Now that we written our own barebones training library, let's make some progress towards exploring diffusion model and building Stable Diffusion from scratch.
We'll start with building and training the model described in the seminal 2020 paper Denoising Diffusion Probabilistic Models (DDPM). For more context, while diffusion models were technically invented back in 2015, diffusion models flew under the radar until this 2020 paper since they were complicated and difficult to train. The 2020 paper introducing DDPMs made some crucial assumptions that significantly simplify the model training and generation processes, as we will see here. Later versions of diffusion models all build upon the same framework introduced in this paper.
Let's get started and train our own DDPM!
We'll start with some imports.
import pickle,gzip,math,os,time,shutil,torch,random,logging
import fastcore.all as fc,matplotlib as mpl,numpy as np,matplotlib.pyplot as plt
from collections.abc import Mapping
from pathlib import Path
from operator import attrgetter,itemgetter
from functools import partial
from copy import copy
from contextlib import contextmanager
from fastcore.foundation import L
import torchvision.transforms.functional as TF,torch.nn.functional as F
from torch import tensor,nn,optim
from torch.utils.data import DataLoader,default_collate
from torch.nn import init
from torch.optim import lr_scheduler
from torcheval.metrics import MulticlassAccuracy
from datasets import load_dataset,load_dataset_builder
from miniai.datasets import *
from miniai.conv import *
from miniai.learner import *
from miniai.activations import *
from miniai.init import *
from miniai.sgd import *
from miniai.resnet import *
from miniai.augment import *
mpl.rcParams['image.cmap'] = 'gray'
logging.disable(logging.WARNING)
We will load the dataset from HuggingFace Hub:
x,y = 'image','label'
name = "fashion_mnist"
dsd = load_dataset(name)
0%| | 0/2 [00:00<?, ?it/s]
To make life simpler (mostly with the model architecture), we'll resize the 28x28 images to 32x32:
@inplace
def transformi(b): b[x] = [TF.resize(TF.to_tensor(o), (32,32)) for o in b[x]]
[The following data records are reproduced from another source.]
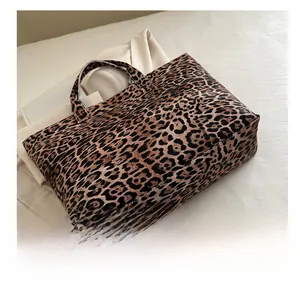 Vue détaillée du fond du grand sac cabas avec motif léopard et texture en tissu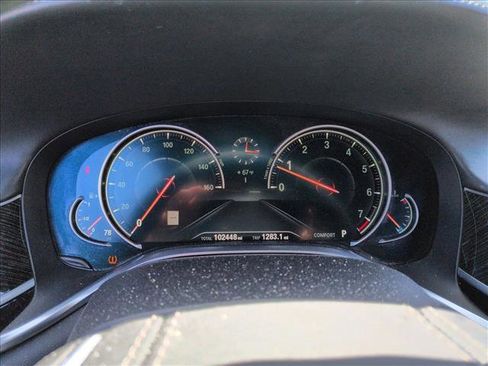 Used 2017 BMW 750i RWD image 11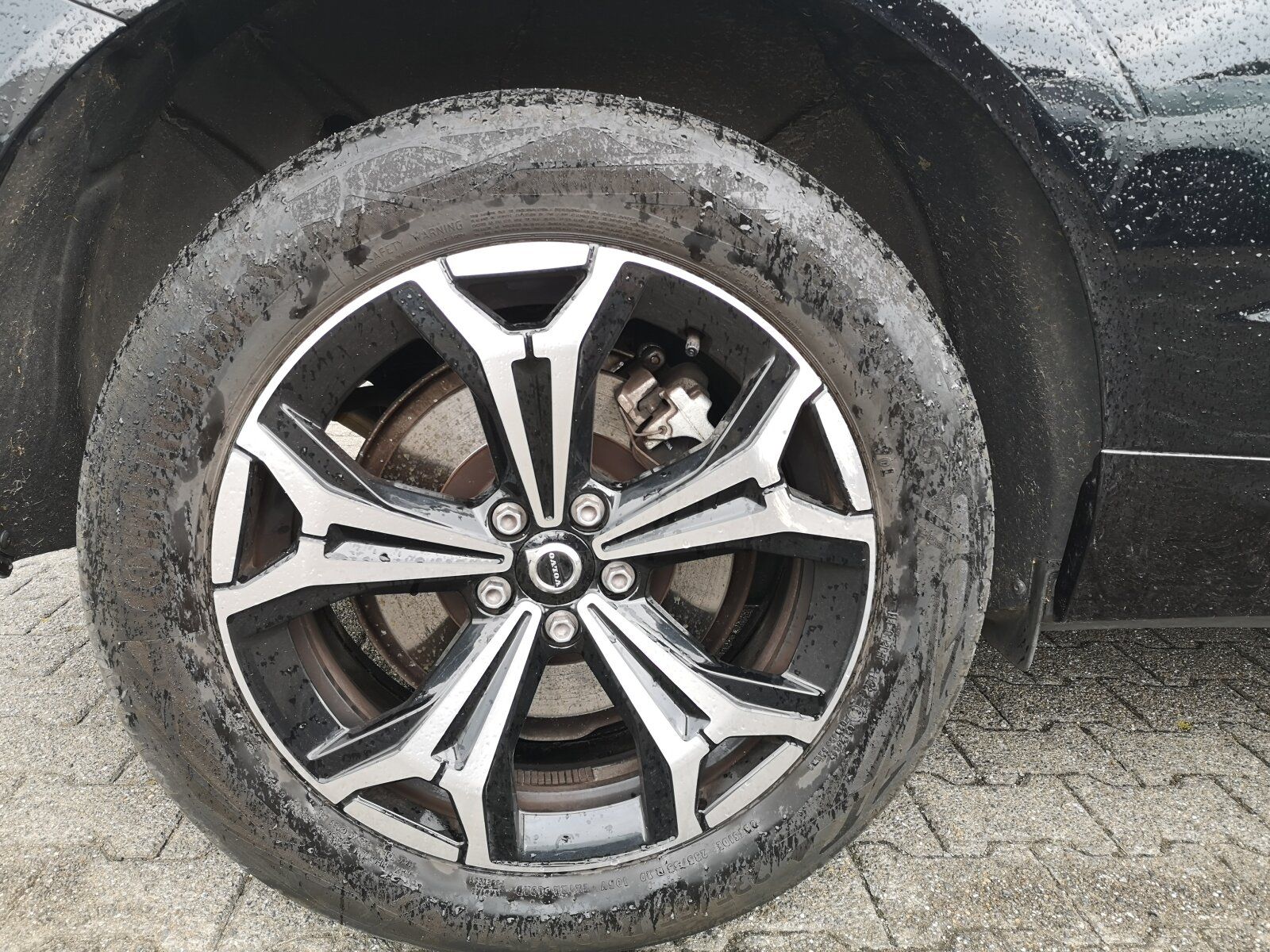 Volvo XC60 Recharge T6 Inscription - Samsaru's Car Outlet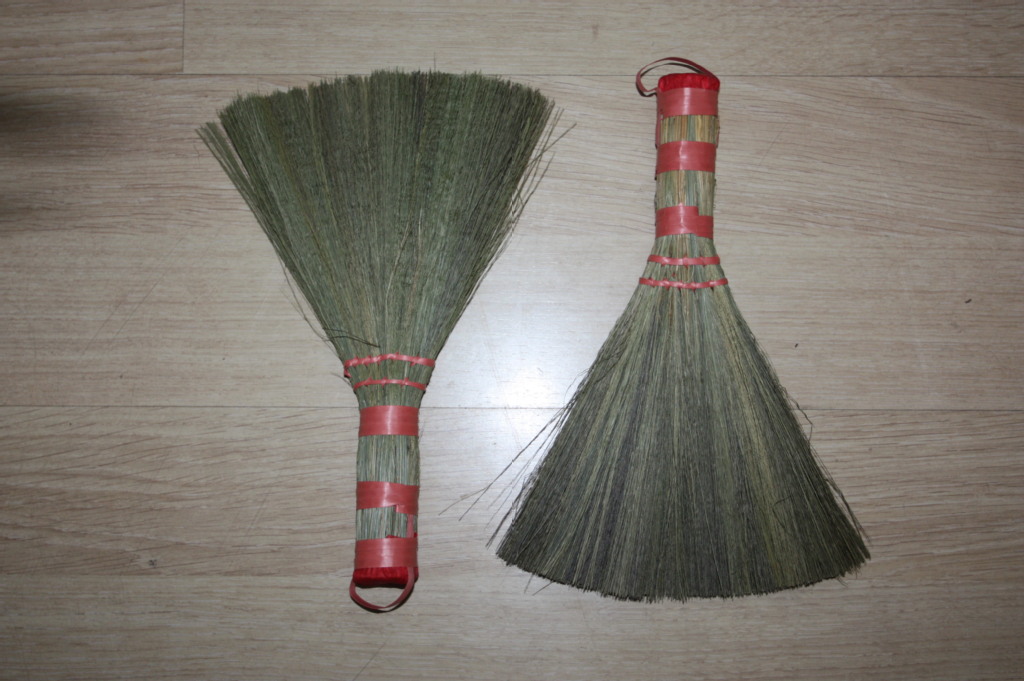 广西厂家低价供应纯手工编织小芒花扫帚优质a级环保芒花扫把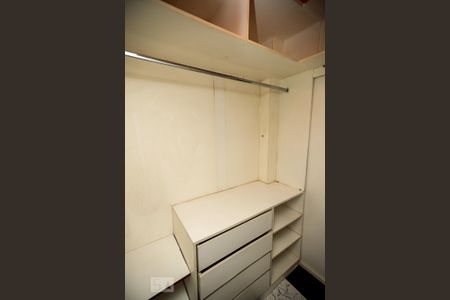 Casa para alugar com 200m², 4 quartos e 2 vagas Casa para alugar com 200m², 4 quartos e 2 vagasCloset Suíte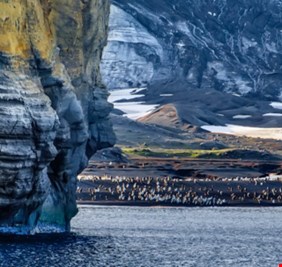 بحيرة عملاقة في أنتاركتيكا تختفي فجأة في حدث تلاش ضخم!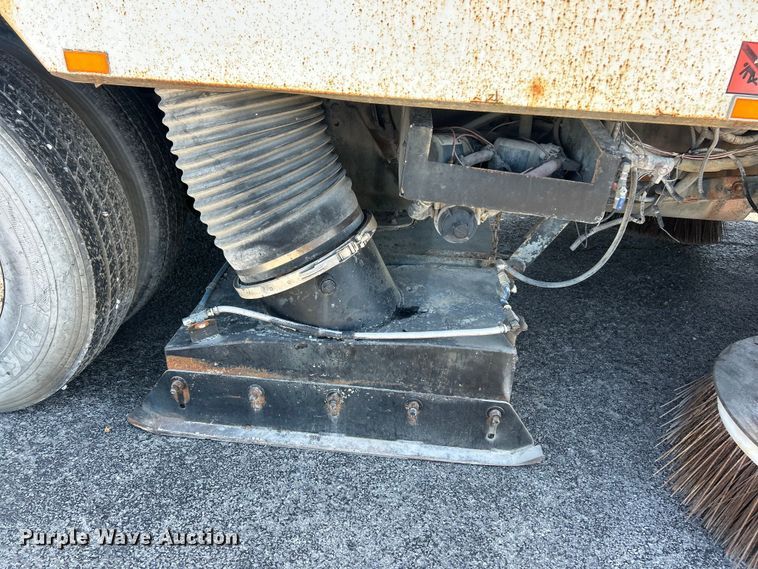 image for item FC2518 2005 International 4200 street sweeper truck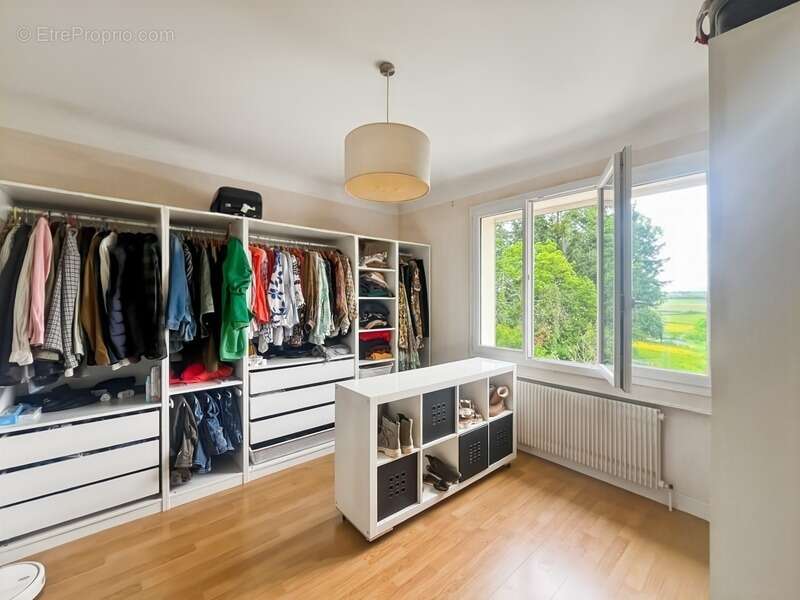 Maison à PERRECY-LES-FORGES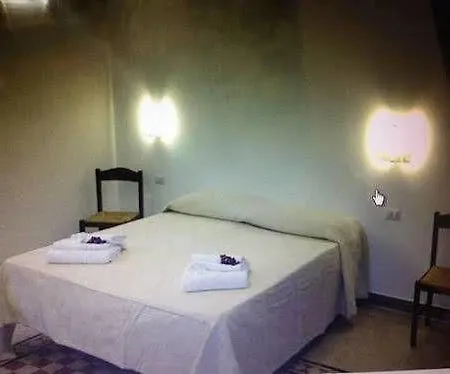Casa Rosy 3*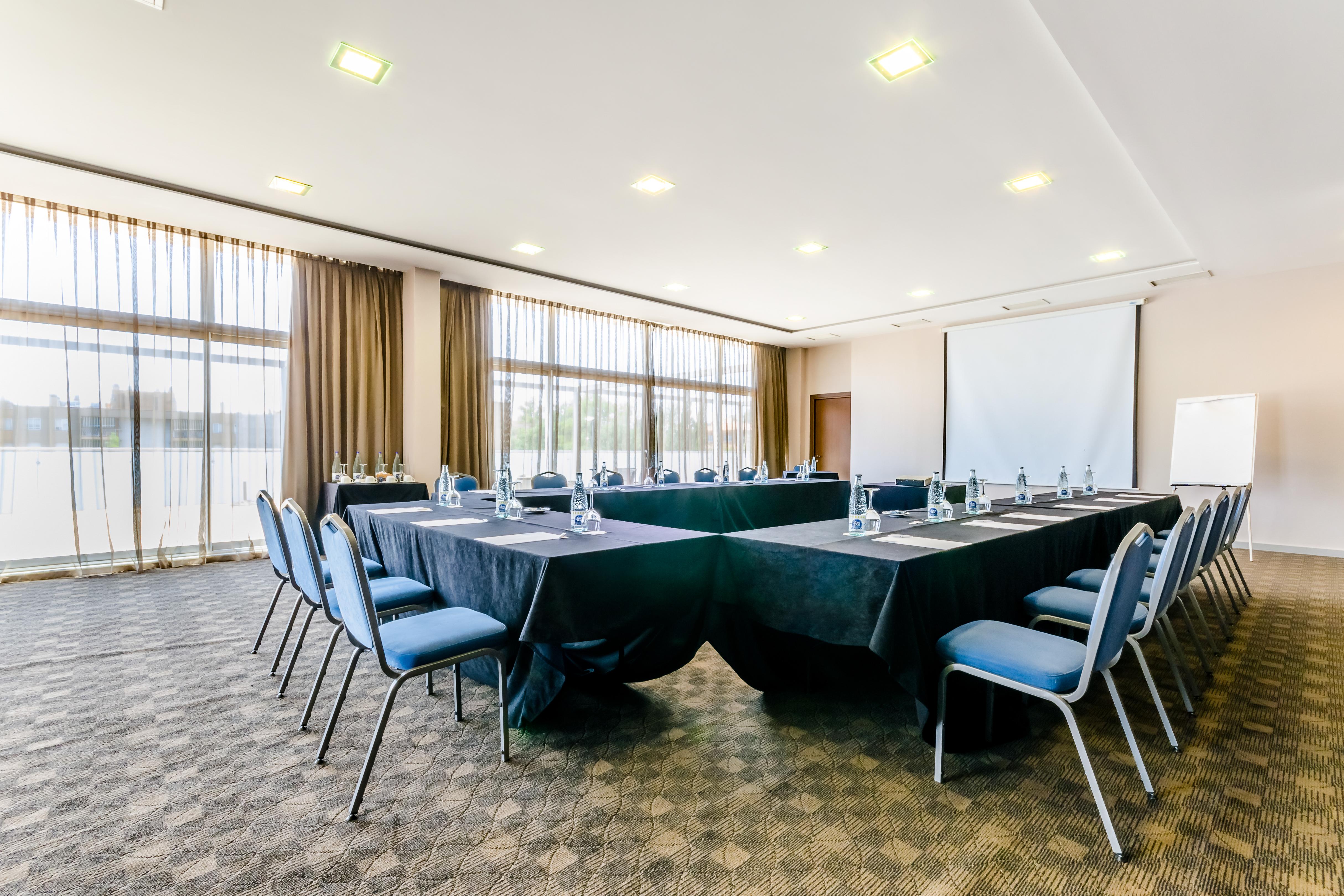 Eurostars Executive Hotel 4*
Let's set our batch size and create our DataLoaders with this batch size. we can confirm the shapes are correct. Note that while we do get the labels for the dataset, we actuallydon't care about that for our task of unconditional image generation.
set_seed(42)
bs = 128
tds = dsd.with_transform(transformi)
dls = DataLoaders.from_dd(tds, bs, num_workers=8)
dt = dls.train
xb,yb = next(iter(dt))
xb.shape,yb[:10]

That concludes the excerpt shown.